> _Work to complete_:
Write each line out exactly, from the one containing "Κωδικος ακινητου Α3424" through the final line of the data, and keep pictures out of the copy.

*** Given records Section Begins ***

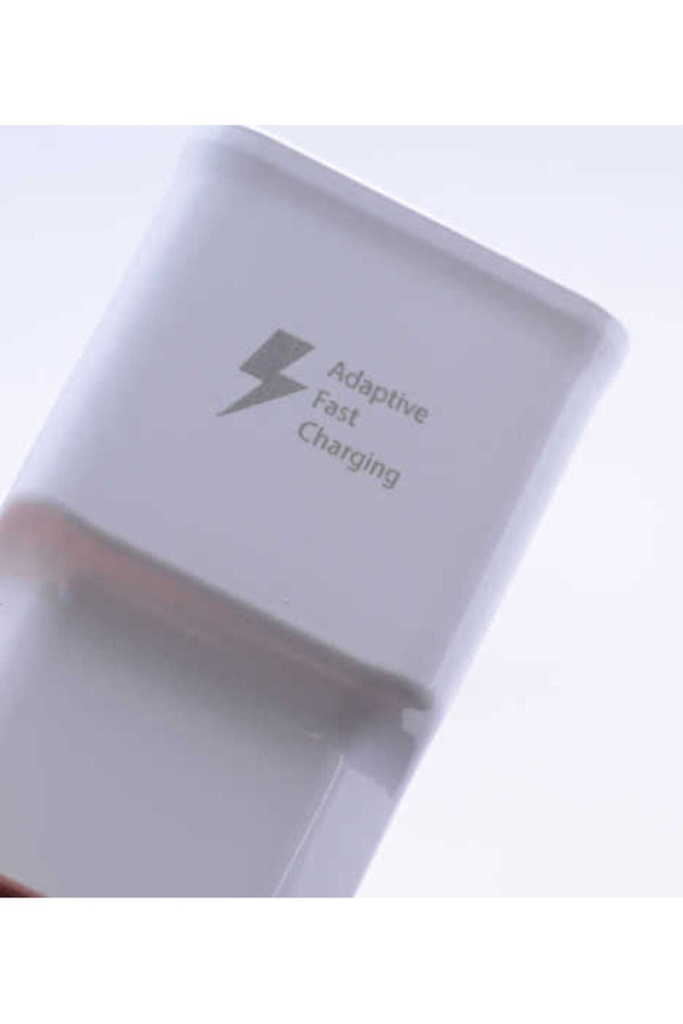 Zore Gold Fast Usb Charger Z-35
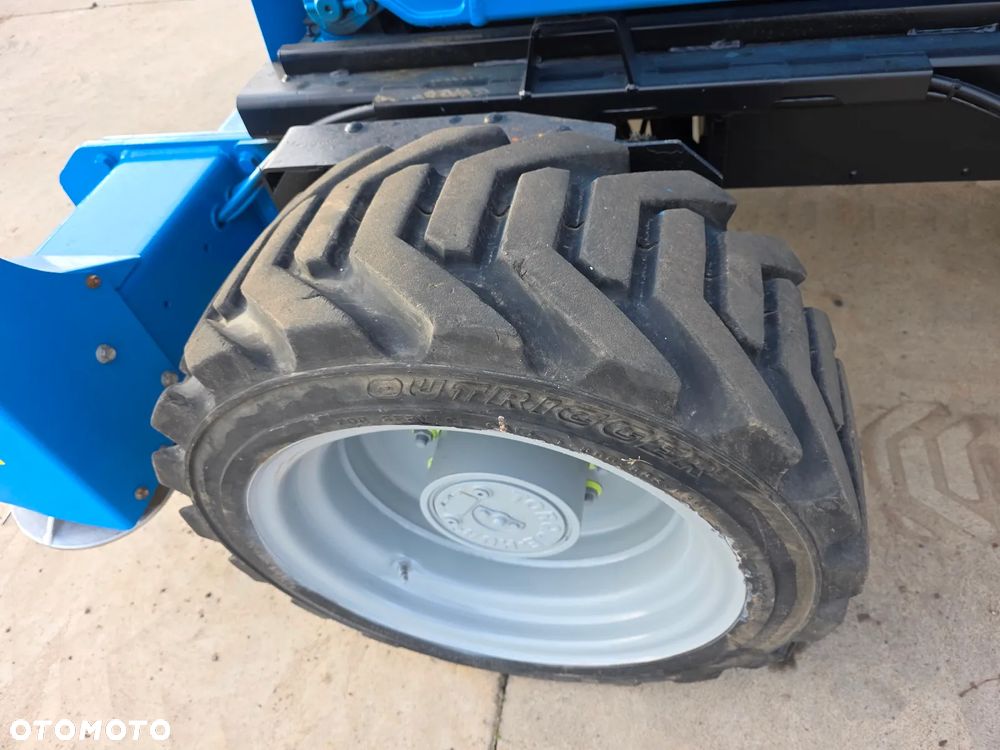 Genie GS-5390 GS 5390 P582 - 15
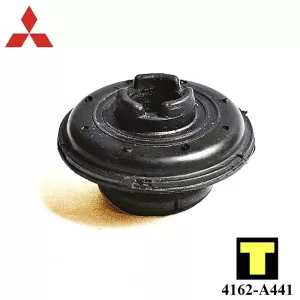 Hong ha auto spare-parts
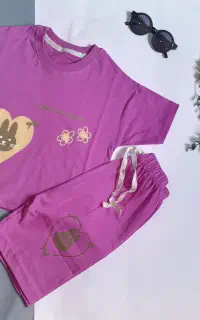 لباس کودک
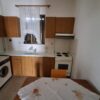 Κωδικος ακινητου Α3424  γκαρσονιερα πληρως επιπλωμενη στην Τερψιθεα Σταυρουπολης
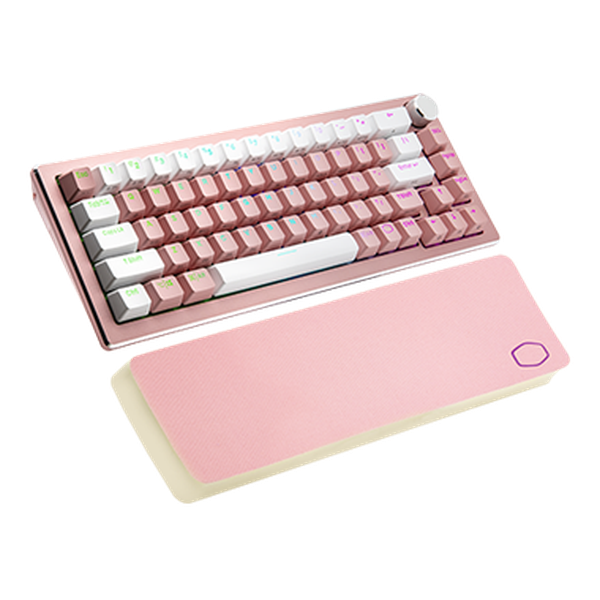 CK721 Sakura Limited Edition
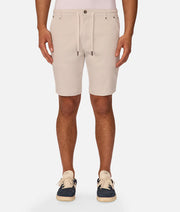 The New Drifter Cuba Short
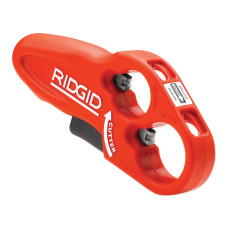 RIDGID PTEC 3240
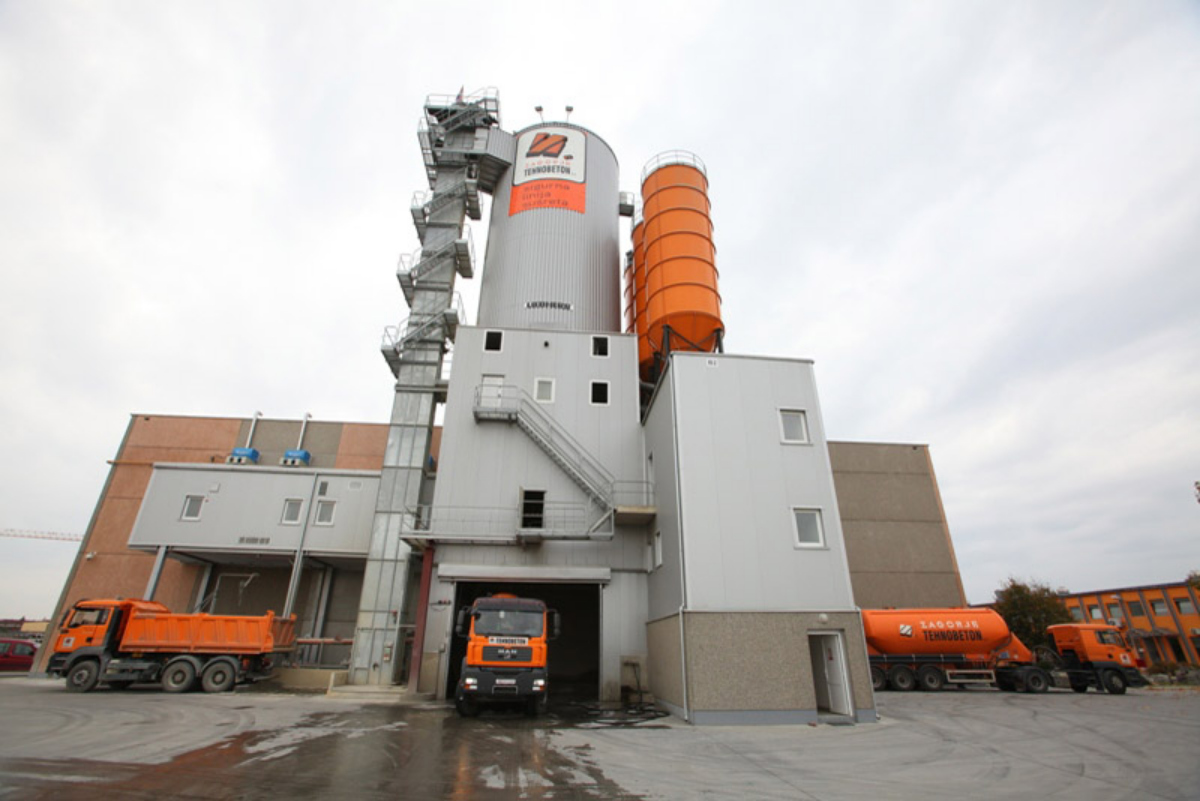 zagorje_tehnobeton_betonska_galanterija_25032025_8.jpg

*** Given records Section Ends ***

> _Written response_:
 Κωδικος ακινητου Α3424  γκαρσονιερα πληρως επιπλωμενη στην Τερψιθεα Σταυρουπολης
 CK721 Sakura Limited Edition
 The New Drifter Cuba Short
 RIDGID PTEC 3240
 zagorje_tehnobeton_betonska_galanterija_25032025_8.jpg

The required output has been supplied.